Não há, porém, sinais de arrefecimento no consumo, e um dos fatores para isso é o aumento da parcela dos orçamentos domésticos destacada para compra de bens de consumo duráveis. O fenômeno foi notado em famílias de todas as classes de renda, como mostrou na semana passada a Pesquisa de Orçamento familiar (POF), do IBGE.
As famílias com renda mensal de até R$ 830 em 2008 (dois salários mínimos na ocasião) gastaram, em média, 3,2% do orçamento com eletrodomésticos, 2,4% na compra de veículos, e 0,4% na compra de celulares. Na POF anterior, as famílias na mesma faixa de renda destinaram 2,6% aos eletrodomésticos, 1,66% para veículos, e 0,09% para celulares. O maior aumento no comprometimento da renda familiar com estes três produtos ocorreu nas faixas de renda abaixo de R$ 2,5 mil.
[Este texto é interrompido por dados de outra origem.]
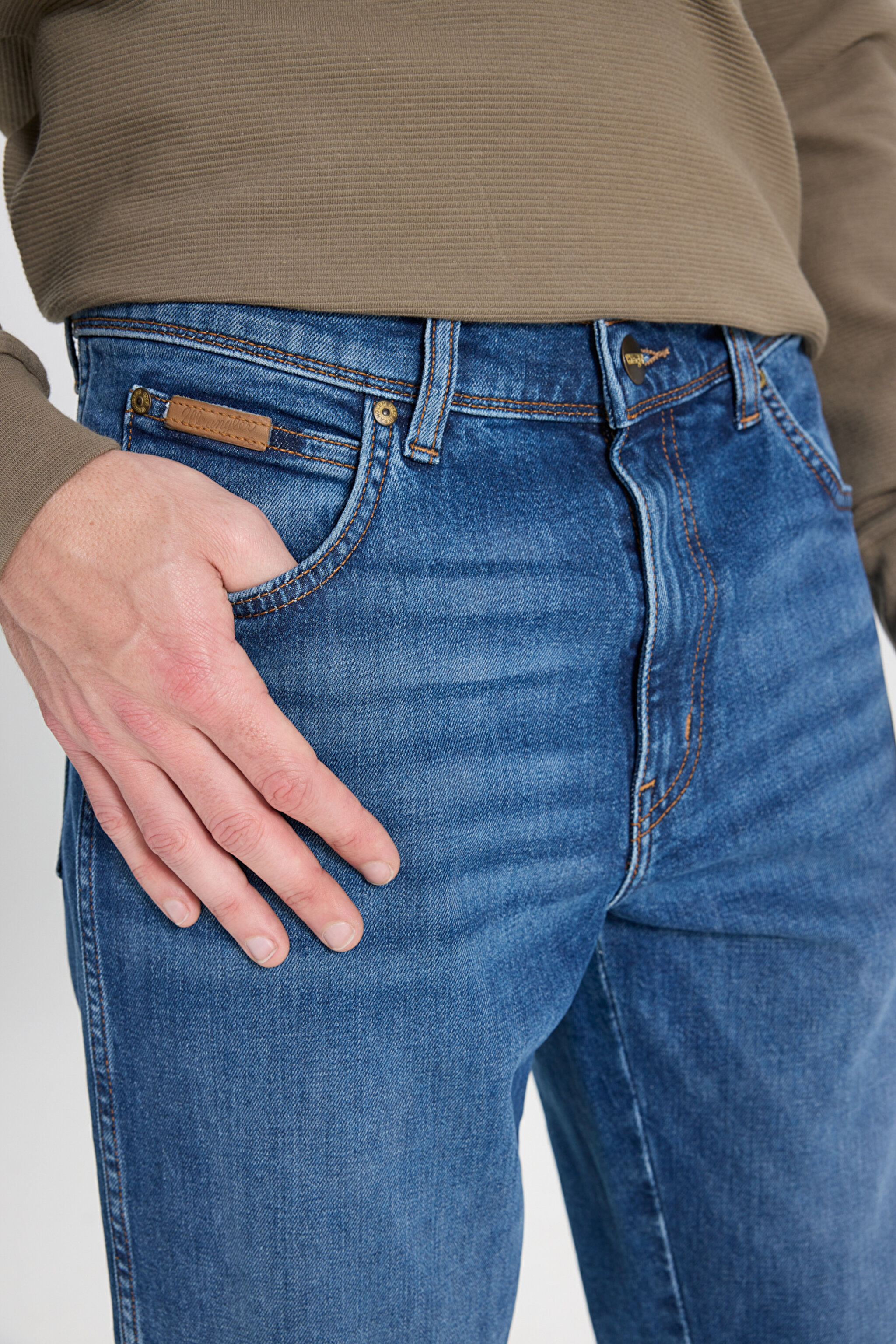Slim Fit Dar Kesim Normal Bel Dar Paça Texas Mavi Esnek Jean Denim Pantolon - Mid Indigo-W12S086318 (görsel 4)
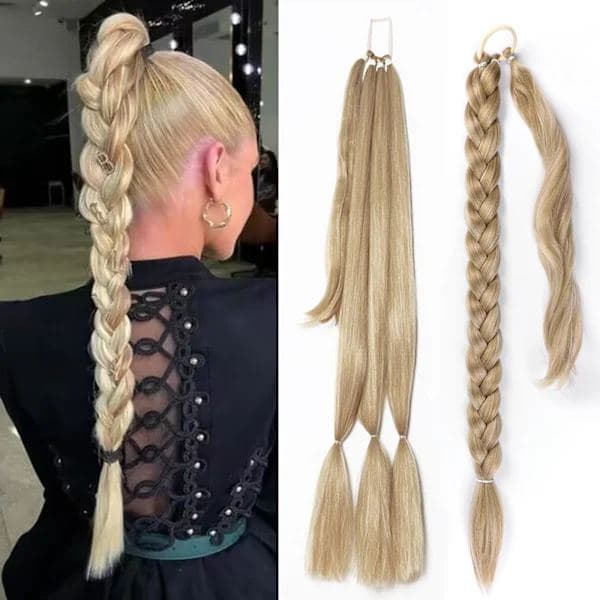 Lång flätad hästsvansförlängning Rakt hår Wrap Around Hästsvans Hårförlängningar 30 tum Blond 1 stycke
A disposição para gastar mais em bens duráveis está ligada à maior disponibilidade de crédito e à existência de produtos mais baratos. "Nos últimos três anos, de 2007 a 2009, entraram no sistema de consultas do serviço de Proteção ao Crédito (SPC) cerca de 30 milhões de pessoas", conta Marcel Solimeo. O país ainda sente o efeito do salto na renda da população, comenta. "Quando arrefecer esse impacto, devem voltar os apelos para travas à importação", prevê.